Solr Schema

Solr organizes its data into documents, which consist of fields. Solr schema define how values are stored and queried. It contains information about Types, their Fields (regular and dynamics), and field Analyzers (one optional char filter, one tokenizer, and several filters). The schema.xml file contains information about the Solr fields and how they are analyzed and filtered during searches. Different field types can contain different types of data. Solr uses the schema.xml file to determine how to build indexes from the input documents, and how to perform index and query time processing.

Field type

Field types define a list of different data types for values. You can define strings, numeric types, or new types.

For example:

<fieldType name="boolean" class="solr.BoolField" docValues="true" sortMissingLast="true" />

Analyzers

It is reformat the queried terms for processing. Text analyzers map the source string of text and the final list of tokens. This process occurs during indexing and querying. You can have different analyzer chains for indexing and querying, depending on your business needs. For example:

  • The MappingCharFilter removes special characters, such as letters with diacritic marks.

  • The WhitespaceTokenizeerFactory breaks the queried string into individual words or terms.

  • The StopFilterFactory removes stopwords from the query.

  • The LowerCaseFilterFactory changes capital letters to lower-case letters.


<fieldType name="text" class="solr.TextField" positionIncrementGap="100"> <analyzer type="index">

<tokenizer class="solr.StandardTokenizerFactory" />

<filter class="solr.StopFilterFactory" ignoreCase="true" words="stopwords.txt" />

<filter class="solr.LowerCaseFilterFactory" />

<filter class="solr.RemoveDuplicatesTokenFilterFactory" />

</analyzer>

<analyzer type="query">

<tokenizer class="solr.StandardTokenizerFactory" />

<filter class="solr.SynonymGraphFilterFactory" synonyms="synonyms.txt" ignoreCase="true" expand="true" />

<filter class="solr.StopFilterFactory" ignoreCase="true" words="stopwords.txt" /> <filter class="solr.LowerCaseFilterFactory" />

<filter class="solr.RemoveDuplicatesTokenFilterFactory" />

</analyzer>

</fieldType>

  • Tokenizers: Tokenizers break field data into tokens

  • Filters: are used after tokenizers to examine a stream of tokens and either keep them as-is, transform or discard them, or create new ones. Tokenizers and filters can be combined to form pipelines, or chains, where the output of one becomes the input for the next. A sequence of tokenizers and filters is called an analyzer, and the resulting output of an analyzer is used to match query results or build indexes.

Field

Every field must declare a unique name and associate it with one of the previously-defined types. For example:


<fields>

<field name="_version_" type="long" indexed="true" stored="true" multiValued="false" />

<field name="indexOperationId" type="long" indexed="true" stored="true" multiValued="false" />

</fields>

Dynamic fields

Dynamic fields allow you to index data without defining the name of the field. Instead, the name of the field is defined by a wildcard (*). You can use prefixes and suffixes so that the actual name of the field is accepted at runtime. However, the field type must be defined.

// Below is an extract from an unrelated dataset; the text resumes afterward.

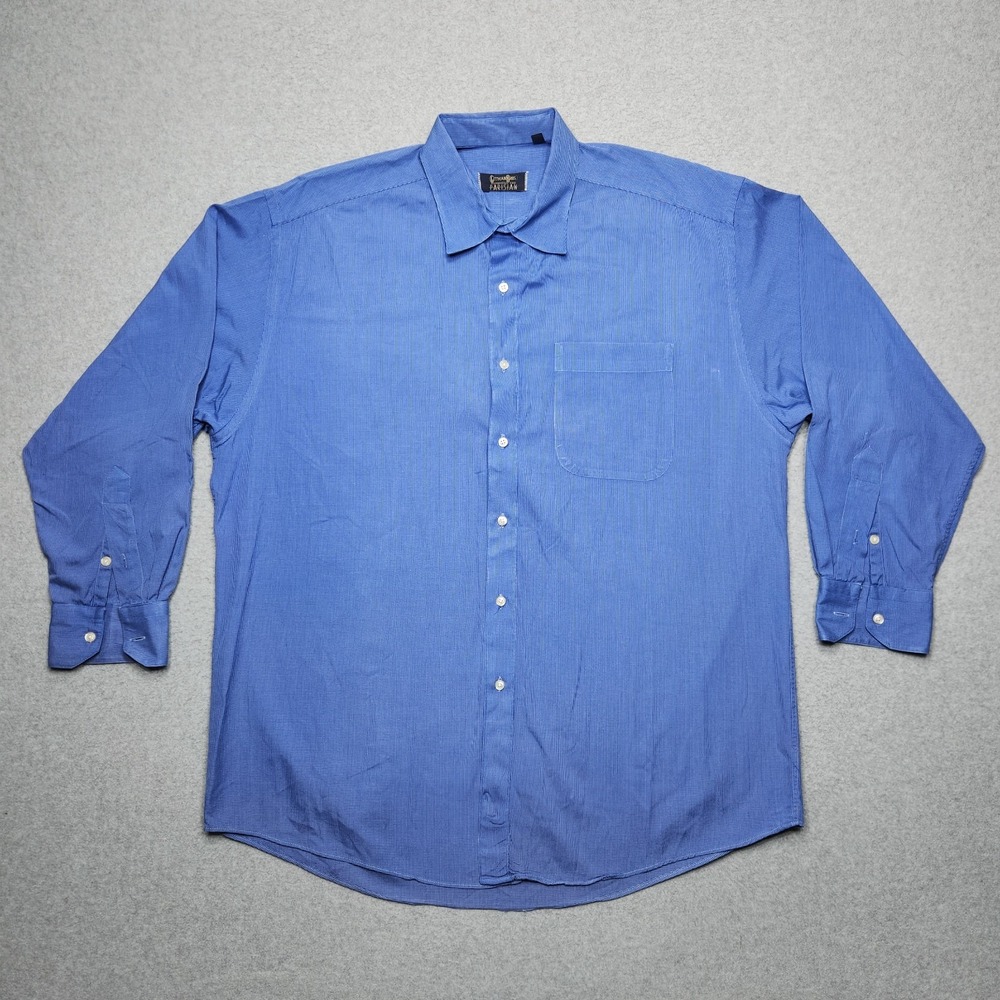 VINTAGE Gitman Bros Shirt 16.5‎ 35 Blue Micro Houndstooth Oxford USA Parisian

<dynamicField name="*_boolean" type="boolean" indexed="true" stored="true" />

<dynamicField name="*_boolean_mv" type="boolean" indexed="true" stored="true" multiValued="true" />

Copy fields

Copy fields are used when the content of a source field needs to be added and indexed on different destination fields. The following example copies the autosuggest field to the autosuggest_en destination field:

<field name="autosuggest_en" type="text_spell_en" indexed="true" stored="true" multiValued="true" />

<copyField source="autosuggest" dest="autosuggest_en" />

Handlers

It is allow the sending and retrieving of information in Solr.

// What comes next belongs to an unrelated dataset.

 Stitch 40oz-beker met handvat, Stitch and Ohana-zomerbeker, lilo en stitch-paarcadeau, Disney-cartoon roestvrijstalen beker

  • The Request Handler processes search features (select, query and get). It uses a query parser to interpret search terms and query parameters. It uses a response writer to format output to formats like XML, JSON, and others.

  • The Update Handler receives information from external sources (like a relational database). It pushes the transformation into a document, then executes the indexing operation.

  • SAP Commerce Cloud adds Synonym and Stopword Handlers on top of these, allowing administration of these features through the Backoffice.